Evaristo Villar en el homenaje de Europa Laica a Gonzalo Puente Oeja
Evaristo Villar, animador y líder del colectivo “Redes Cristianas” ha cumplido 50 años de sacerdocio y 77 años de edad. Evaristo es un hombre que ha pasado su vida, junto a otras personas que están en Redes Cristianas, como el también sacerdote Benjamín Forcano, luchando por la libertad de conciencia y las libertades personales dentro de las organizaciones religiosas; además Evaristo es un ejemplo de compromiso incombustible con las luchas sociales y las causas por la emancipación de las personas.
Desde aquí quiero felicitarle, en nombre de Europa Laica, por su ejemplo en la lucha por la libertad de conciencia y un Estado laico y además, desde unas trincheras, tan difíciles ,como son las organizaciones religiosas. Pero sobre todo quiero presentar a los lectores del Observatorio del laicismo este escrito, que en su cincuenta aniversario de sacerdocio, ha redactado Evaristo Villar; un escrito extraño, poético , sutil y de gran sinceridad y que constituye un ejemplo de lo que nuestro inteligente compañero de León Laica, Julio Ferreras, en una interesante ponencia que presentó en las jornadas laicistas de este año celebradas en León, denominó la religión interior, y un ejemplo de lo que significa la libertad de conciencia para alguien tan querido como Evaristo Villar.

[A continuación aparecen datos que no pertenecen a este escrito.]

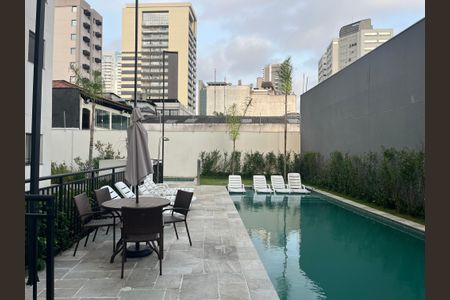 Apartamento para alugar com 35m², 2 quartos e sem vaga Apartamento para alugar com 35m², 2 quartos e sem vagaÁrea comum - Piscina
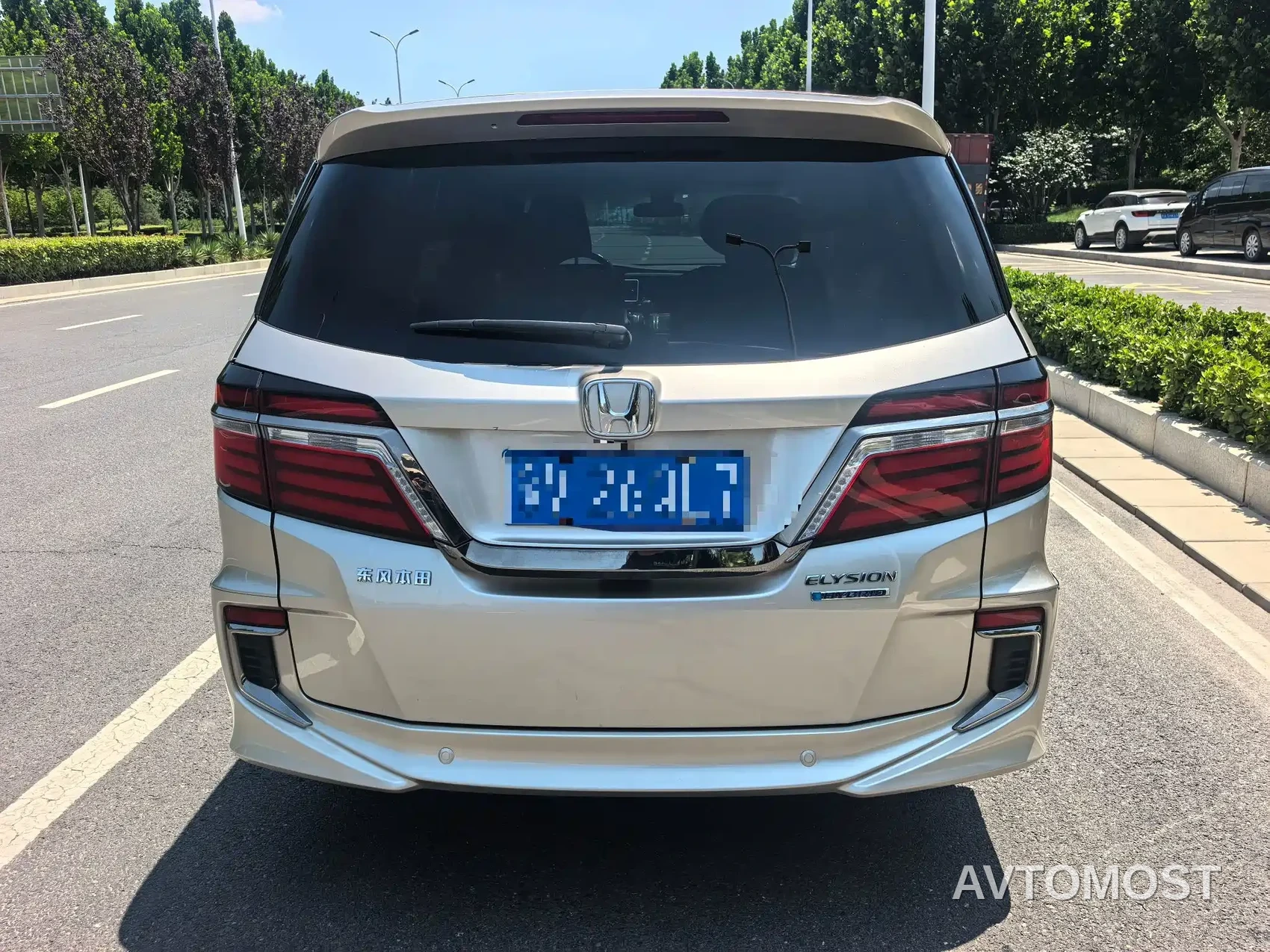 Honda Elysion 2019 2.0L Hybrid Luxury Edition — фото 5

Antonio Gómez Movellán, presidente de Europa Laica
Texto de Evaristo Villar
Llegado a esta etapa, que entiendo es ya la última de mi vida, hay dos cosas que quiero hacer hoy y una tercera que descarto. Quiero, en primer lugar, dar gracias a Dios Padre/Madre que me ha conducido amorosamente hasta aquí por caminos nunca soñados por mí. Y quiero también y en segundo lugar, agradecer el inesperado y feliz encuentro que he tenido con vosotras y vosotros en Santo Tomás de Aquino: la vida que hemos hecho en común y la paciencia que habéis tenido conmigo para soportarme durante tantos años. Pero, sobre todo y lo que es más importante, porque me habéis ayudado a despojarme de tantos periféricos que la tradición había venido asociando a mi estatus que lo convertían en algo tan añejo, discriminatorio e injusto… La tercera cosa que descarto y de la que no voy a hablar hoy es sobre mis sueños, realizados o no; ni sobre los conflictos que han rodeado casi siempre mi vida; tampoco voy a hacer ningún balance de mis hechos. Ahí están a merced de la interpretación de cada cual, siempre legítima.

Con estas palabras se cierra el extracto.